Discussion in 'Professional Trading' started by HeadsAndTails, Jan 3, 2019.

  1. zwangerz

    zwangerz

    I'm not a tax adviser but I've been researching the topic for a while.
    If you become a resident of Italy (183+ days in the country) you have to pay 26% on all your capital gains (except European bonds taxed at 12,5%) and 0,2% on your capital or you can choose to pay a flat tax of 100k in you don't have Italian citizenship.

    If you are a US citizen you have to report and pay(?) taxes in the US if you make more than 100k outside the US.

    The madness is not so much the tax owed but how it's calculated. (Italy has the most complex tax code in the world after Brazil):
    1. Italy has a financial transaction tax so algo trading on Italian markets is out of the question.
    2. ETFs: you cannot compensate losses with gains. This means if you algo trade an ETF and make 1 million in profits and 1 million losses you still have to pay taxes of 26% on 1 million even though you made no profit. Losses can only be compensated with gains in derivatives and stocks so you have to (hope) to make some profits there. (to make matters worse any tax credits expire after 4 years)
    3. All trades have to be converted to Euro daily. This means you are subject to currency fluctuations which is especially bad if you trade derivatives as the nominal value is the reference (I believe but I'm not 100% positive).

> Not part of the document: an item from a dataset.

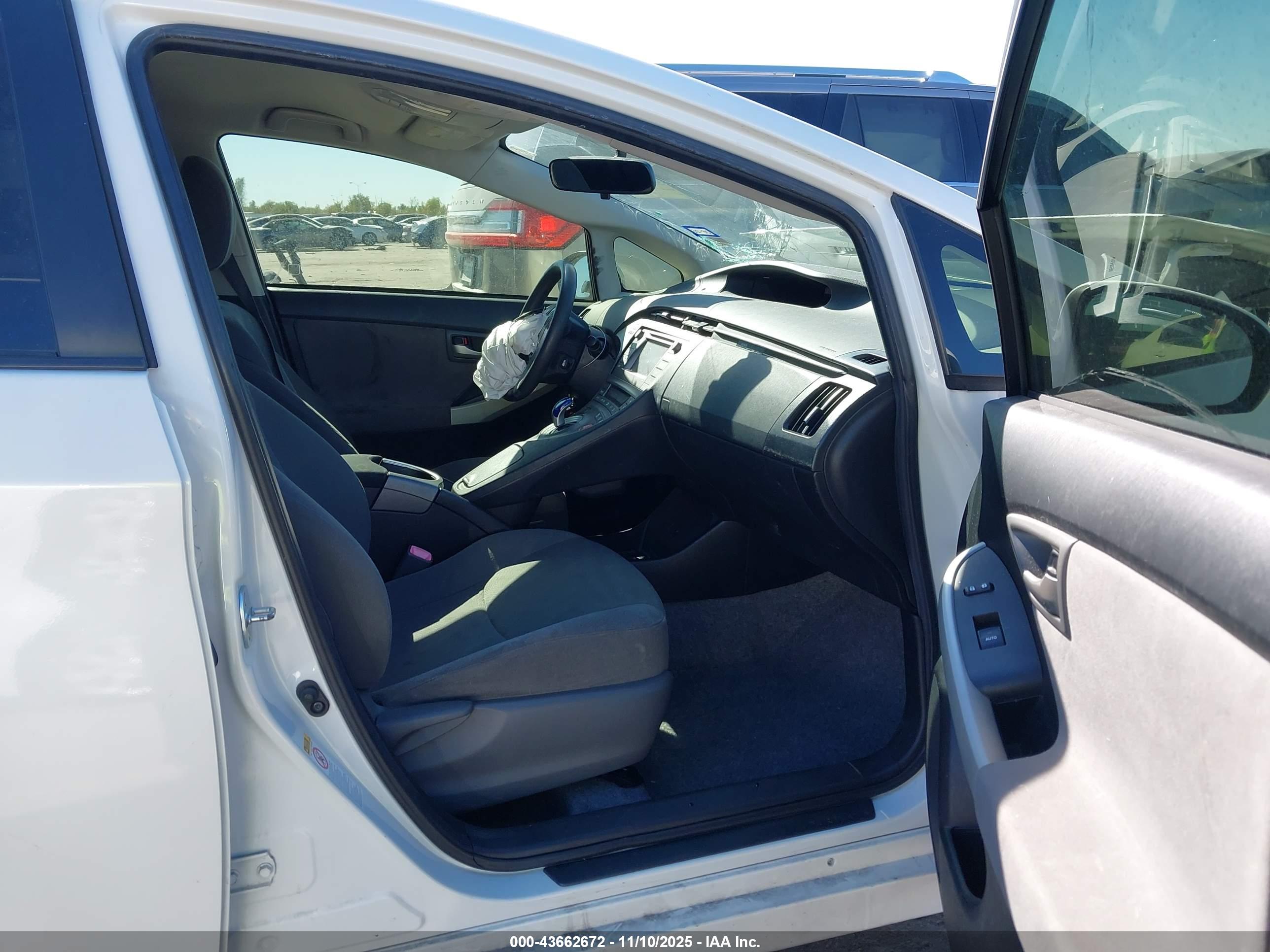 TOYOTA PRIUS image 5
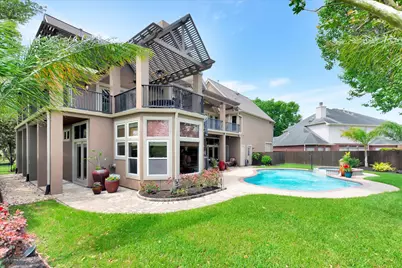 3806 Canyon Bluff Court, Houston, TX 77059 - Photo 11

    All this combined means even if you make no profits at all you could receive a tax bill that is higher than your principal wiping you out.

    One solution would be to move to Malta or Monaco. (The tax authority is cracking down on fake residencies so you really have to spend most of the time there)
    Monaco requires at least 1 million in cash to be able to move there realistically(to live in a shitty 1 br apartment).

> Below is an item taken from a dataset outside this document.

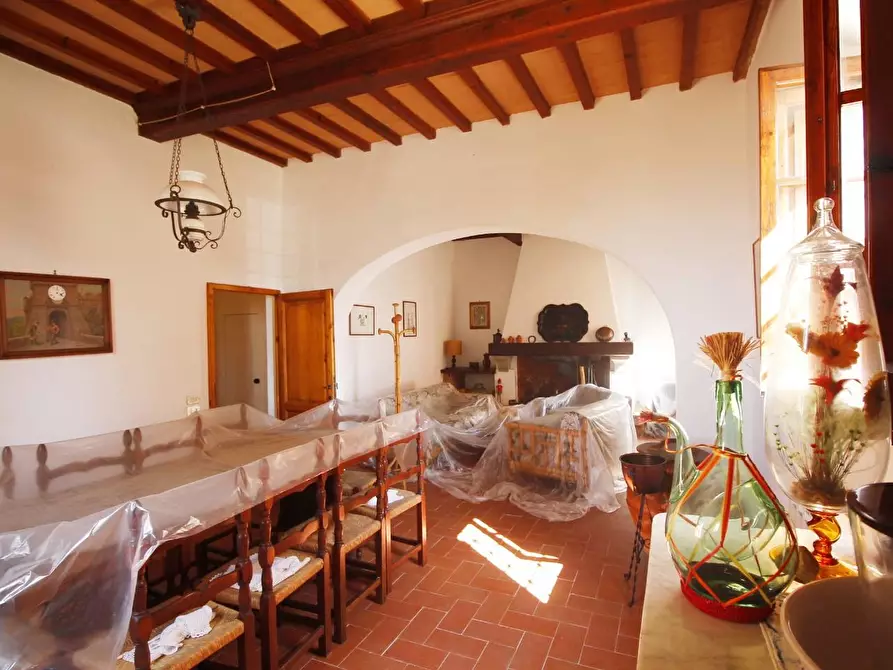 Immagine 5 di Casa colonica in vendita  a Capraia E Limite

    Malta does not tax capital gains earned outside Malta but it is not clear if an algo hosted on a US server (which requires the occasional log in for maintenance and maybe closing of positions in an emergency situation from Malta) qualifies for that.

    We could ask a tax attorney there or the tax authority to clarify that and split the consultancy bill.
     
    Last edited: Feb 7, 2019
    #11     Feb 7, 2019
  2. So basically, you're looking to kick her to the curb?
     
    #12     Feb 7, 2019
  3. schweiz

    schweiz


    https://blog.kpmg.lu/five-myths-about-the-183-day-rule/
    You are no tax advisor, these people are.

    The 183 days rule is mostly used for employees, for people who are self employed or trading for their own account situation can be different and in some countries for these people the 183 days rule is even not a criteria for taxation.
    OP should just take advice from real tax advisors and forget all the rest.
     
    Last edited: Feb 7, 2019
    #13     Feb 7, 2019
  4. schweiz

    schweiz

    Wrong, the law clearly says "regardless of whether he or she is an Italian citizen".
    "The individual should not have been tax resident in Italy in the last 10 years."